Life might have been easier if Dr. Brown had not been recognized by a mafia acquaintance named Nicholas LoBrutto who is a patient in Manhattan Catholic Hospital. LoBrutto has stomach cancer and threatens to squeal to Dr. Brown's former crime boss. If Dr. Brown cannot keep LoBrutto alive, the mafia will be notified where to find the physician and he will be eliminated. Dr. Brown assists during LoBrutto's surgery but the mobster experiences ventricular fibrillation postoperatively. Dr. Brown's two medical students mistakenly administer intravenous potassium and LoBrutto dies.
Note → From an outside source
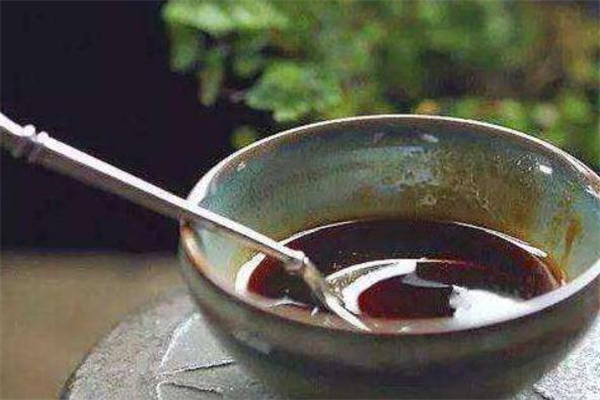 枇杷膏平常沒事可以喝嗎 枇杷膏服用禁忌 枇杷膏平常沒事可以喝嗎 枇杷膏服用禁忌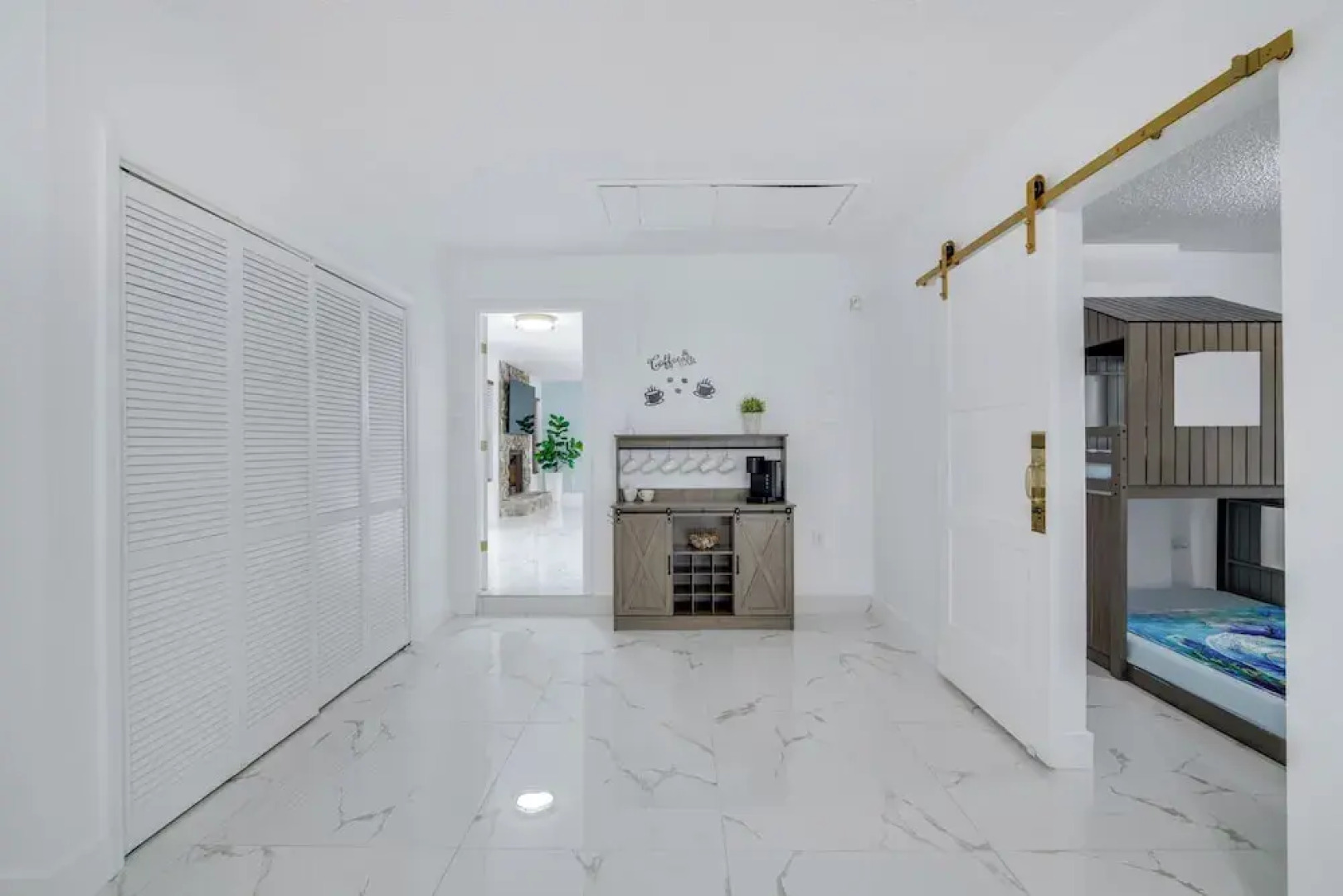 Swim, Hike & Kayak: Crystal River Retreat w/ Yard!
A group of thugs quickly infiltrate the hospital and it appears likely that Dr. Brown will be exterminated. He risks his life to prevent a young woman from having her leg amputated for an erroneous diagnosis. The thugs capture Dr. Brown and detain him in the blood bank freezer. He removes a piece of bone from his own lower leg (an autofibulectomy) to use as a weapon and proceeds to kill the entire gang of murderers. Dr. Brown is sure to be dismissed from Manhattan Catholic Hospital but realizes there is still much he hopes to accomplish as a physician. With some help from friends in the Witness Protection Program (and a likely sequel to this novel on the horizon), it's a good bet that Dr. Brown is not likely to retire his stethoscope (or firearms) anytime soon.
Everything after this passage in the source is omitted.